**What you are asked to do**
Take the entries below and reproduce exactly the portion that begins at the line containing "My last step" and ends at the line containing "From the spec, you", keeping both ends, dropping pictures, and adding nothing else.

══ Exercise material

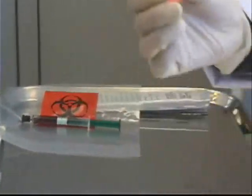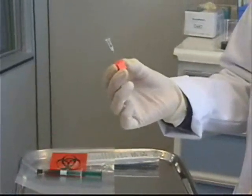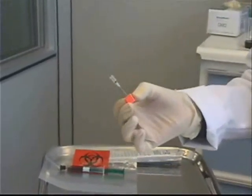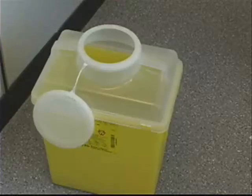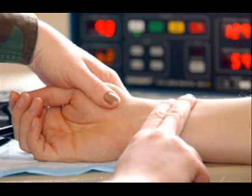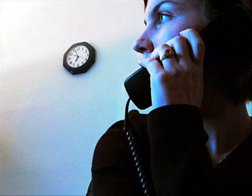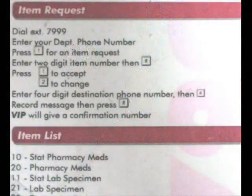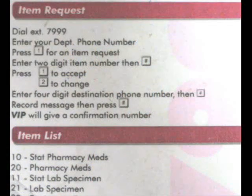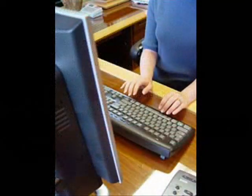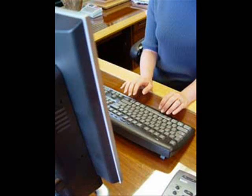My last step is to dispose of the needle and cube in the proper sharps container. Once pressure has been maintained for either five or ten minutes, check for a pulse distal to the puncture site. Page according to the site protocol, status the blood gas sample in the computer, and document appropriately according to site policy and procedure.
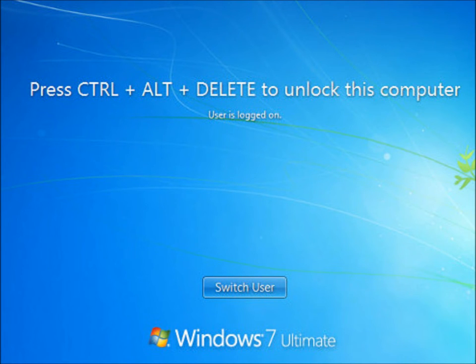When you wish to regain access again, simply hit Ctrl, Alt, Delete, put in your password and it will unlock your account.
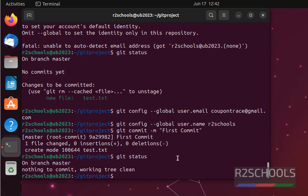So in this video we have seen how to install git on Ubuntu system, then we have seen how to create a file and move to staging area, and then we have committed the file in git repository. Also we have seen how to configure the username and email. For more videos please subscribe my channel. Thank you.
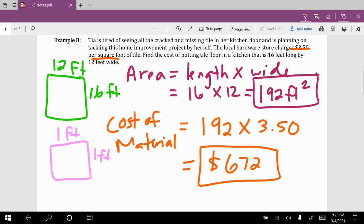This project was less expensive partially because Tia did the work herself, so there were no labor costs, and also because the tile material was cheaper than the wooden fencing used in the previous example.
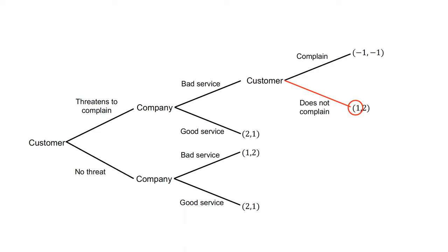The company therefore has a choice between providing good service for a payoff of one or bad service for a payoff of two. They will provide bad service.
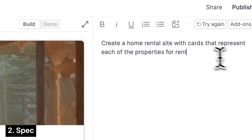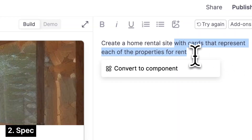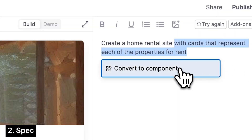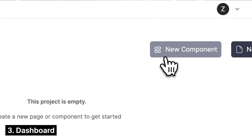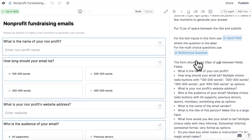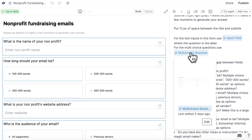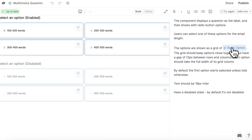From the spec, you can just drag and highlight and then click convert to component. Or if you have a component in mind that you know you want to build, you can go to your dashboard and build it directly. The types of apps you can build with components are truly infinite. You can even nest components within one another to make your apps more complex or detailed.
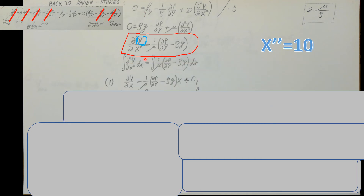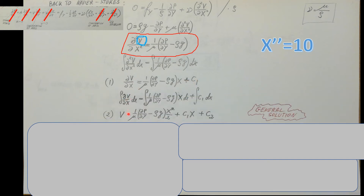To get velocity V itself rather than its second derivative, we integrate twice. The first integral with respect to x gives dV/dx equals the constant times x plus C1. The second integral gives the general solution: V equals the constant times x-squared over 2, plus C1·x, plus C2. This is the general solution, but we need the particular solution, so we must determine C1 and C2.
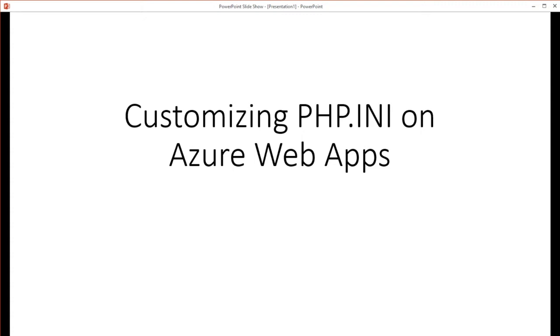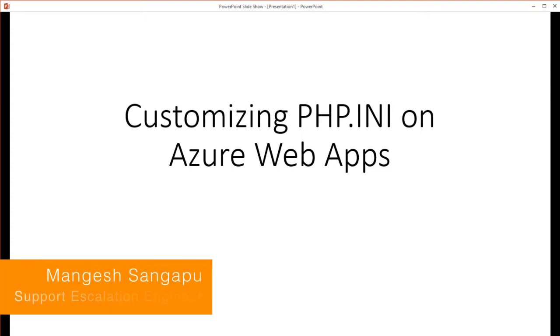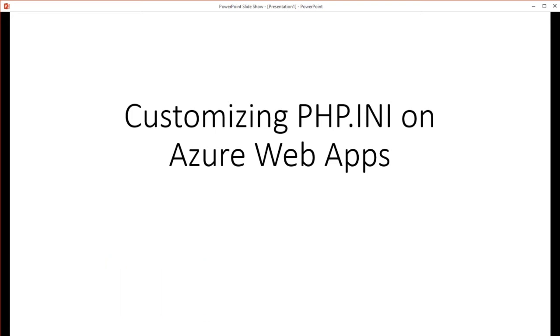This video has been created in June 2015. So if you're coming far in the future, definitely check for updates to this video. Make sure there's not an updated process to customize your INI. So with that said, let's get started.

════
══ Exercise material

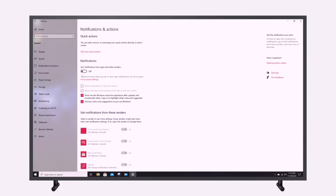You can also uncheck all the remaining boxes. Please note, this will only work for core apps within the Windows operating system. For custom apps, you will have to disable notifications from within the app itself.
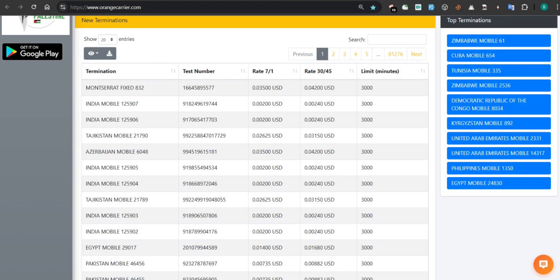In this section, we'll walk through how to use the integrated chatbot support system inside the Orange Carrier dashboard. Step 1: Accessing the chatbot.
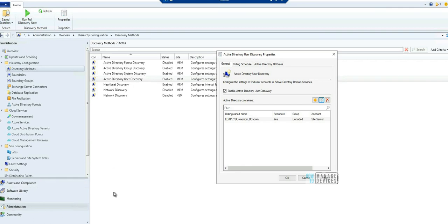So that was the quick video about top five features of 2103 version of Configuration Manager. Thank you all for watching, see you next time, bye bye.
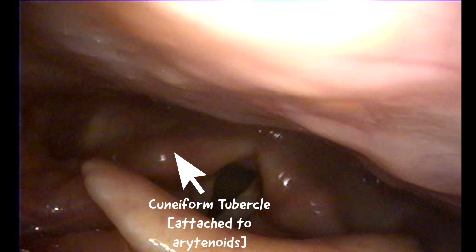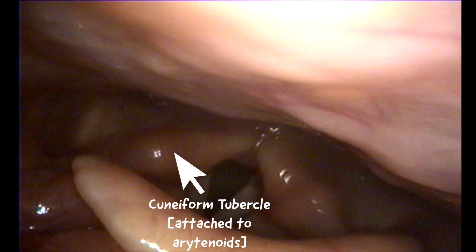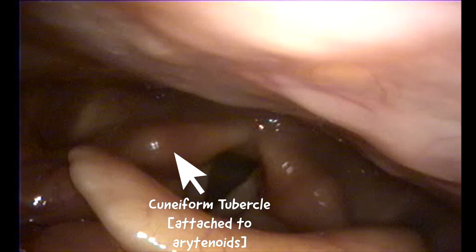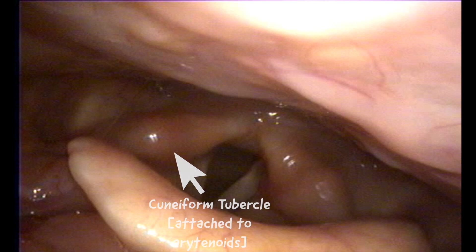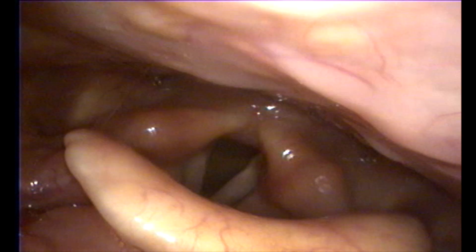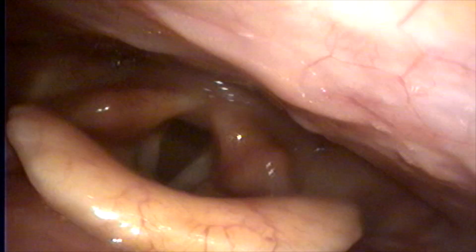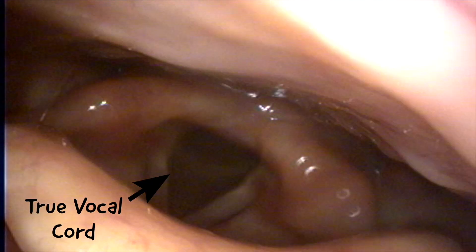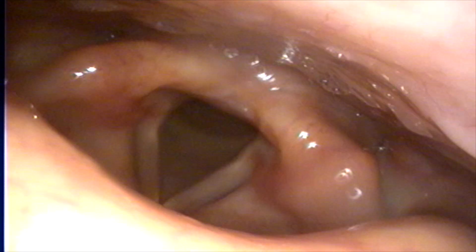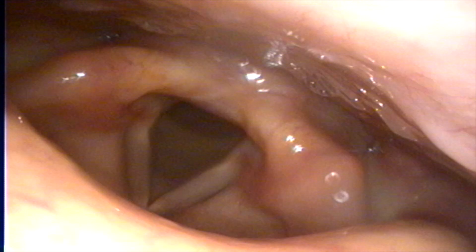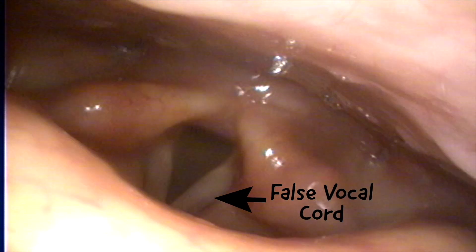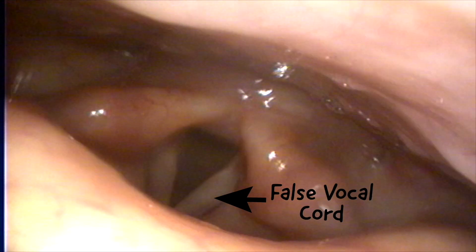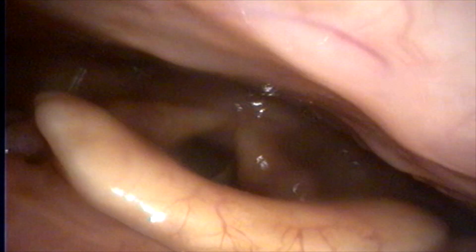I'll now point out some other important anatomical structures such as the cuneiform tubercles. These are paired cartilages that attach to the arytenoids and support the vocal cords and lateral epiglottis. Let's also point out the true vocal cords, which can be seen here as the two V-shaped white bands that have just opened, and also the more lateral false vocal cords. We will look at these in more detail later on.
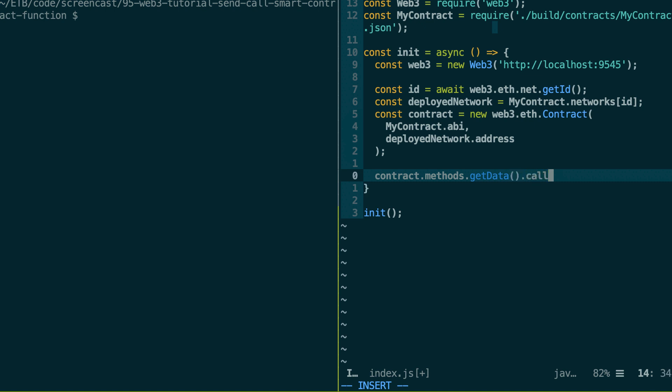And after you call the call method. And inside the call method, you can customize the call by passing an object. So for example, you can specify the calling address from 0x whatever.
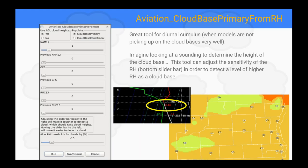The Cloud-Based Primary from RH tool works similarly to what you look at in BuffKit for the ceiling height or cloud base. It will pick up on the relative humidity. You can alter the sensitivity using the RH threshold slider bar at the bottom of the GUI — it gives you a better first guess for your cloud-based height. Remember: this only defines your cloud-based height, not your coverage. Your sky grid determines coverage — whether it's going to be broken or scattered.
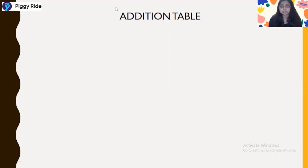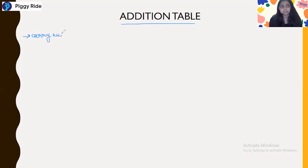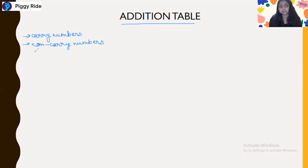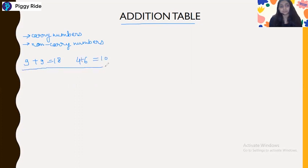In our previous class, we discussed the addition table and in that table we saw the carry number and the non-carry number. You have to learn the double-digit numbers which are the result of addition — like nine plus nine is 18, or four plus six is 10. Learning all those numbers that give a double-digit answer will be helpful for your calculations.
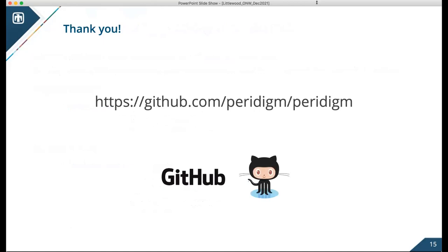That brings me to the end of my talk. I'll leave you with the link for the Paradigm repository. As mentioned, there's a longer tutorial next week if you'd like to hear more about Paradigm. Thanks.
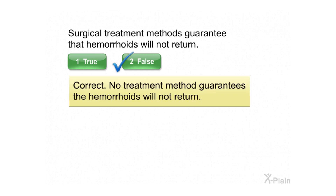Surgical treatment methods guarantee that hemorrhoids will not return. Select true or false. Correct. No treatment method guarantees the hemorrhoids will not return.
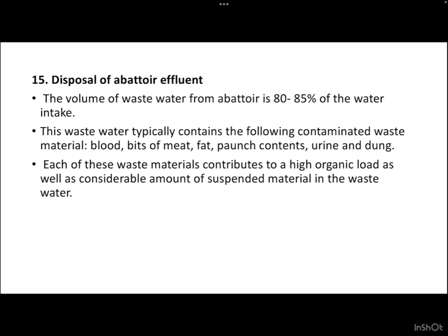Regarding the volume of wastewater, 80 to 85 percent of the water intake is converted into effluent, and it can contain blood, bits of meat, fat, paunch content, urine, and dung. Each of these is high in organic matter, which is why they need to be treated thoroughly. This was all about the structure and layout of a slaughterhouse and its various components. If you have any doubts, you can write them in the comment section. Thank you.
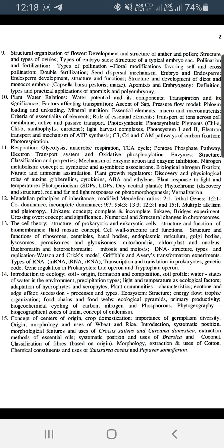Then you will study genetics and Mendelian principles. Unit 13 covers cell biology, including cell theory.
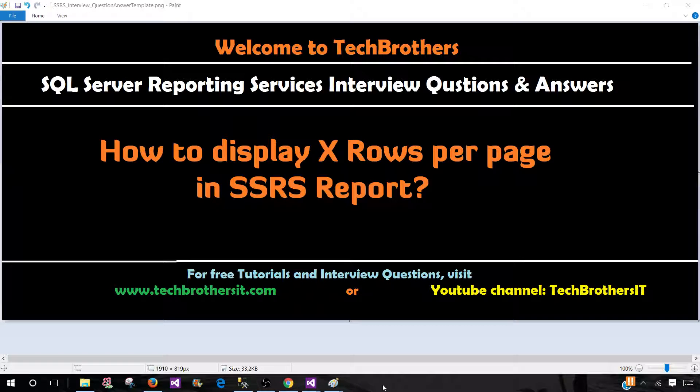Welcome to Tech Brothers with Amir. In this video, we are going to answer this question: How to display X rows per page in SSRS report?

════
══ Exercise material

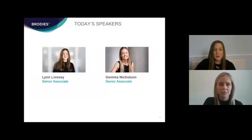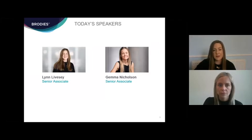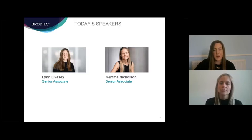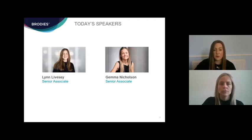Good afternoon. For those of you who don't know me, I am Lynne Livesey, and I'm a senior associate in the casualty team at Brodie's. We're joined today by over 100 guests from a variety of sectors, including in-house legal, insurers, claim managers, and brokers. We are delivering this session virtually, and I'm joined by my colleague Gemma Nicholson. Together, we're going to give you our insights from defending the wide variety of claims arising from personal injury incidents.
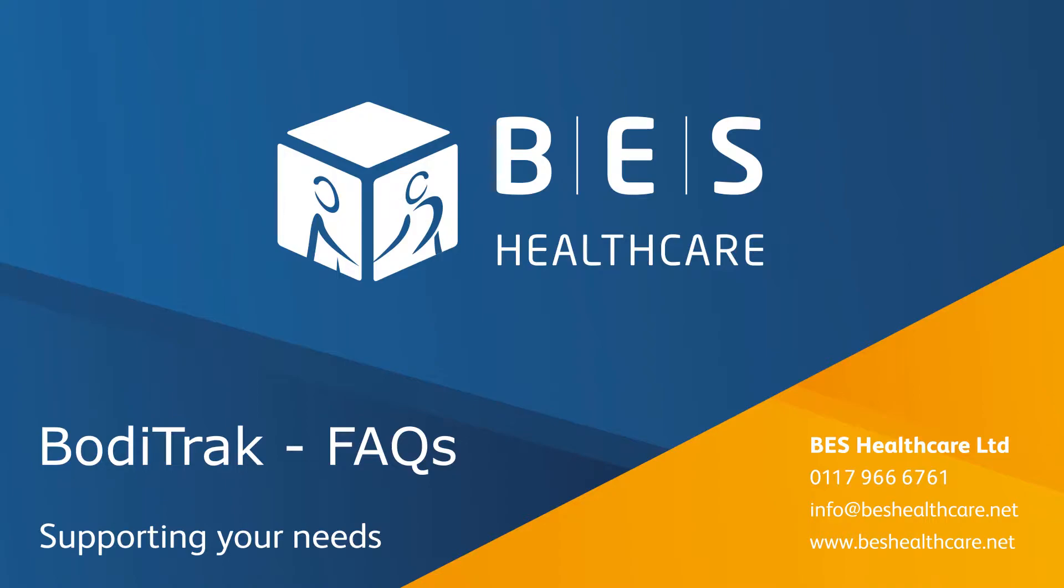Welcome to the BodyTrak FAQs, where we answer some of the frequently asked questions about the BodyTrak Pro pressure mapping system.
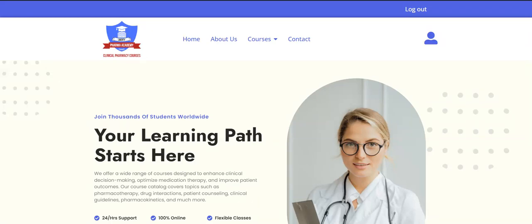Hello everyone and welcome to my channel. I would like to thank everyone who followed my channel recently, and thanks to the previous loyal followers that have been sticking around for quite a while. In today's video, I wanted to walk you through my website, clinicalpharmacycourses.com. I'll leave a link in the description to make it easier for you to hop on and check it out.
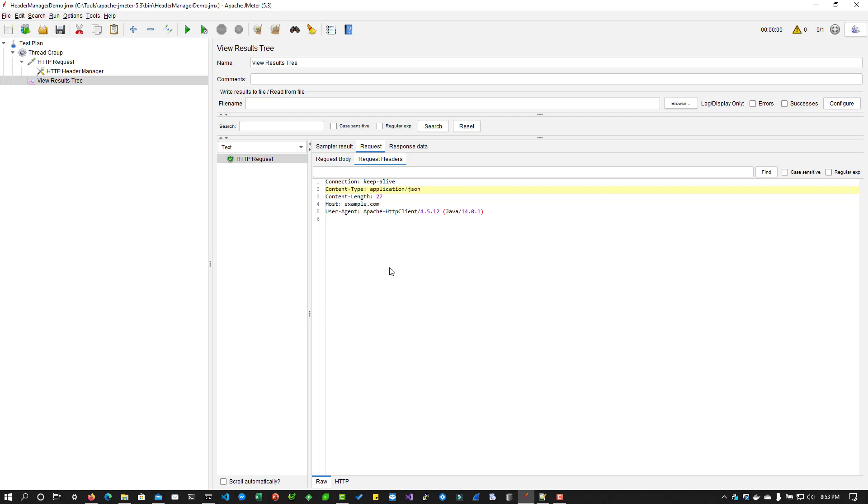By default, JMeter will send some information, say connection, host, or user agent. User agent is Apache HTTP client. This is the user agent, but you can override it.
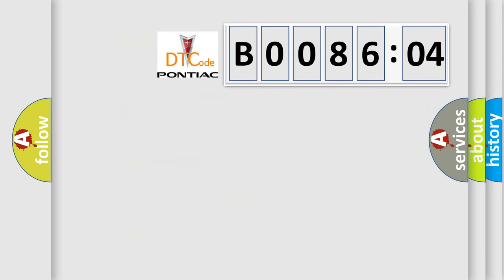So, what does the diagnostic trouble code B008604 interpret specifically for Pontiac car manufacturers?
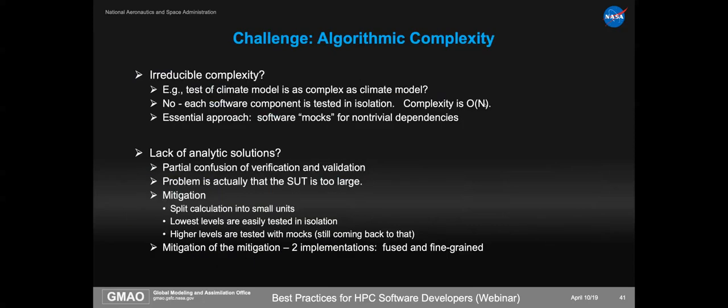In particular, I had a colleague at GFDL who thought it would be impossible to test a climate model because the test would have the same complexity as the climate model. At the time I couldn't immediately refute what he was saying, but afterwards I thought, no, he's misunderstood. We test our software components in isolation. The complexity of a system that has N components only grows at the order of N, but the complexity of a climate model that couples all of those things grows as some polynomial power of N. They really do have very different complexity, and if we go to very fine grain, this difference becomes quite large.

════

**Response box**
My last step is to dispose of the needle and cube in the proper sharps container. Once pressure has been maintained for either five or ten minutes, check for a pulse distal to the puncture site. Page according to the site protocol, status the blood gas sample in the computer, and document appropriately according to site policy and procedure.
When you wish to regain access again, simply hit Ctrl, Alt, Delete, put in your password and it will unlock your account.
So in this video we have seen how to install git on Ubuntu system, then we have seen how to create a file and move to staging area, and then we have committed the file in git repository. Also we have seen how to configure the username and email. For more videos please subscribe my channel. Thank you.
This project was less expensive partially because Tia did the work herself, so there were no labor costs, and also because the tile material was cheaper than the wooden fencing used in the previous example.
The company therefore has a choice between providing good service for a payoff of one or bad service for a payoff of two. They will provide bad service.
From the spec, you can just drag and highlight and then click convert to component. Or if you have a component in mind that you know you want to build, you can go to your dashboard and build it directly. The types of apps you can build with components are truly infinite. You can even nest components within one another to make your apps more complex or detailed.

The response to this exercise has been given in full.